Dallas officer facing capital murder charges was under suspicion two years earlier, documents say

Court records show the Dallas police officer jailed on two capital murder charges was the subject of the investigation earlier than first known.

The Dallas Police Department said last week they began investigating Ofc. Bryan Riser in 2019 and he remained on the job until his arrest last Thursday. He was fired Tuesday by the department after an internal investigation.

DPD, where he worked for 13 years, says he orchestrated a murder for hire plot — putting out two successful hits on a man and a woman — in 2017. Three men were arrested and charged with capital murder. Police say one of them came forward in 2019 accusing Riser of hiring them for the jobs.

"I think their case is actually weak because it all comes from three convicted felons who have every reason to lie and try to get some kind of deal by getting Bryan Riser arrested," Toby Shook, Riser’s attorney.

"He was identified as a suspect in 2019," Chief Eddie Garcia said the day of Riser’s arrest. "He doesn’t become a murder suspect until we have probably cause that he is a murder suspect."

But according to court documents, Riser was on the department’s radar two years earlier in connection to his father, Byron Riser, who was convicted of drug distribution.

A Dallas police detective testified at a hearing in 2017 for Byron Riser that they’d connected Ofc. Riser to their murder investigation because of "phone calls made" between the involved parties, including Ofc. Riser.

When the detective is asked, "Is he (Bryan Riser) a subject of that murder investigation as well?" the detective answered "Yes."

Court documents also reveal the woman Ofc. Riser is accused of having murdered was an alleged prostitute living at the Oak Cliff apartment with Riser’s father. The documents describe her as an "informant" in a murder case.

Shook says Riser’s only involvement was to run a warrant check on the woman’s husband in 2015 at the woman’s request. Shook says Riser was questioned by police for that and reprimanded, but that was it at the time.

Former Dallas police chief Renee Hall says she wasn’t aware Riser was a murder suspect in the woman’s death — the body found near the Trinity River — until 2019, but says there wasn’t enough evidence to arrest him and a decision was made to keep him on the job to avoid compromising the investigation.

Dallas police say they don’t know what motivated Officer Riser’s alleged actions and Shook says that may be one of the prosecution’s biggest hurdles.

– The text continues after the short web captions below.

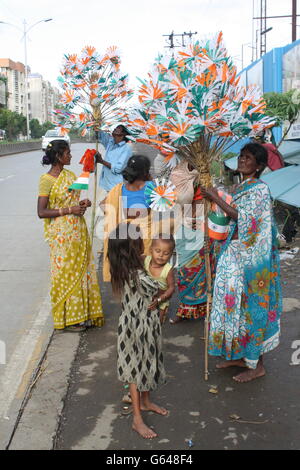 Le donne povere vendono bandiere indiano al popolo per celebrare il Giorno di indipendenza in India. Foto Stock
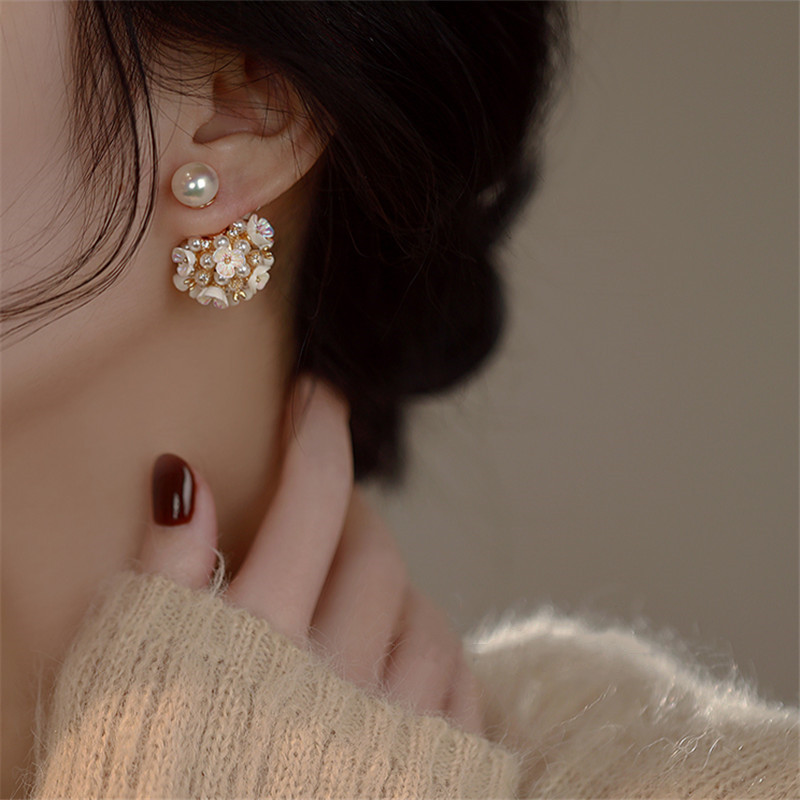 Womens Pearl Stud Earrings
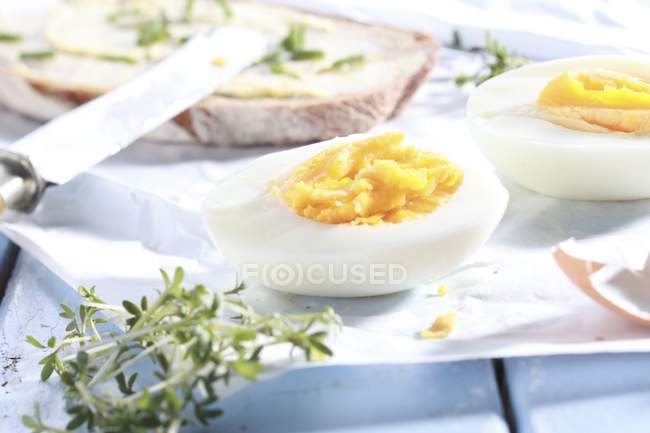 Boiled egg with chive bread — Stock Photo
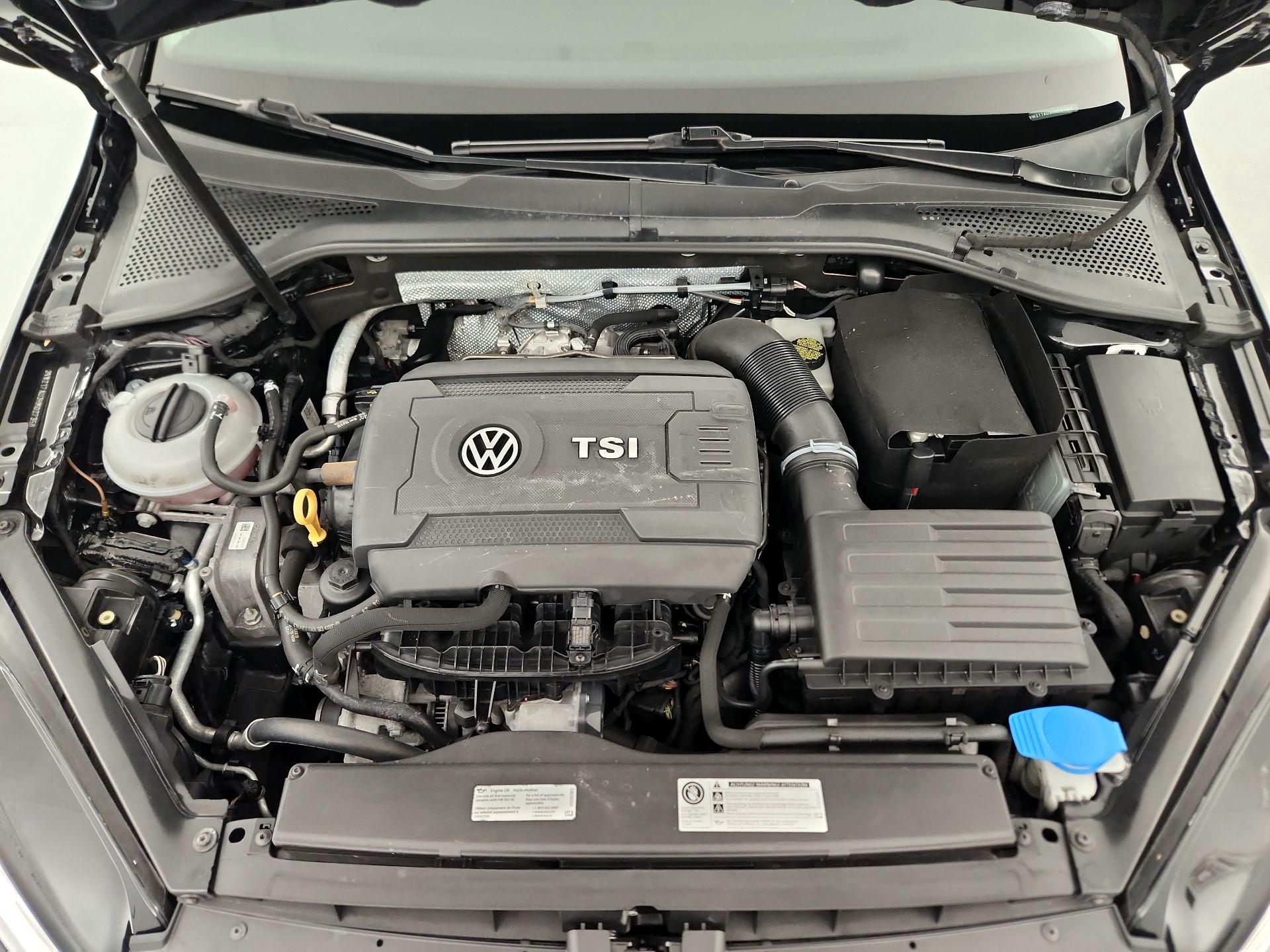 Thumbnail: 2017 Volkswagen Golf - 20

"You would think if a police officer is paying hit man to kill people, he’d be involved in a criminal enterprise … they produce no evidence of that. There’s no reason for him to kill people," Shook said.

Riser's brother, who is a Dallas County Sheriff's Deputy, was also mentioned in the 2017 court documents. That department says he remains on active duty and referred further questions to DPD.

As for Bryan Riser's case, shook says he expects a grand jury decision in the next three months.